Not sure if I'm the right person to work on this. My knowledge of C++ is pretty limited. I could probably code an ugly workaround, like stripping out the presentation selector (assuming QString allows iterating by code points), and using a hashmap to store and find the longest emoji sequence in a group, if this is unlikely to be fixed any other way.

Comment 6 Nate Graham 2021-10-07 16:51:45 UTC

> For these reasons I think the only way forward is for KDE to maintain its own emoji
> dataset and update it with every Unicode release
This is very likely outside of the scope of what we can feasible do and maintain. I think a more fruitful approach might be to go fix the bugs in IBus instead.

Comment 7 Adam Fontenot 2021-10-07 23:05:09 UTC

(In reply to Nate Graham from comment #6)
> This is very likely outside of the scope of what we can feasible do and
> maintain. I think a more fruitful approach might be to go fix the bugs in
> IBus instead.

Fair point. I was worried that if we were waiting on IBus to implement better APIs we'd have to wait (at least) until they release a new stable version. They seem to do only one or two a year.

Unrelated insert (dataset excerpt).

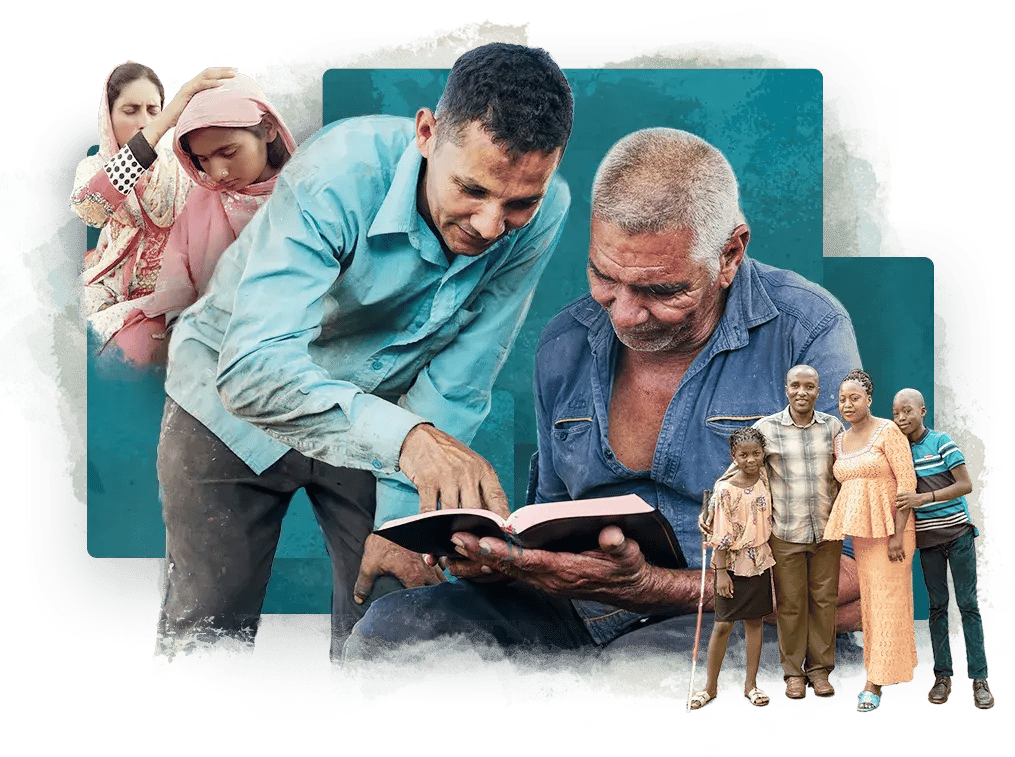 Christians from around the world reading the Bible, praying, and standing together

That said, I've filed an upstream bug so we can get their feedback on possible improvements to the API: https://github.com/ibus/ibus/issues/2356

Not adding it to the URL field since you can't have multiple URLs in Bugzilla and we're not closing this as an upstream bug since it requires more work on our end.

Comment 8 Nate Graham 2022-01-11 16:20:29 UTC

*** Bug 448262 has been marked as a duplicate of this bug. ***

Comment 9 Gabriel 2022-02-22 17:18:05 UTC

*** Bug 448367 has been marked as a duplicate of this bug. ***

Comment 10 João Figueiredo 2023-06-09 12:55:36 UTC

Can anyone still reproduce this? Seems to be fixed for me!

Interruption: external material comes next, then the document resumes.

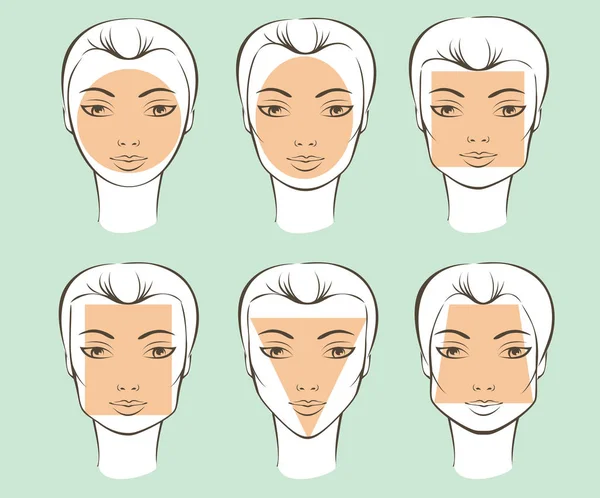 Types of female face shapes — Stock Vector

Comment 11 Nate Graham 2023-06-09 20:54:10 UTC

Also cannot reproduce. I guess it must have been fixed upstream somewhere.

Comment 12 Nate Graham 2023-06-09 20:55:19 UTC

Oh wait, no, we fixed this ourselves, and we did eventually end up duplicating the data, it seems.

I hope someone remembers to keep it up to date.

Comment 13 Adam Fontenot 2023-06-10 23:19:20 UTC

This is fixed in https://invent.kde.org/plasma/plasma-desktop/-/commit/8e251dbce5dd95e43074acc8d43926ae8e004119

Is the intention to track releases of Noto? I'm happy to subscribe myself to Noto Emoji releases and make sure a PR gets sent as necessary, though I shouldn't be the only person tracking this.

Incidentally, the data appears to need to be updated already. This script says that the data was last generated for Emoji 14.0, and Noto has since released for 15.0. I can confirm that the emoijer is missing emoji from 15.0, e.g. the jellyfish.

Comment 14 Nate Graham 2023-06-13 21:17:37 UTC

That would be amazing, thanks. Even more amazing would be a bot that does that automatically, like the FlatHub bot that tracks upstream releases and submits PRs automatically.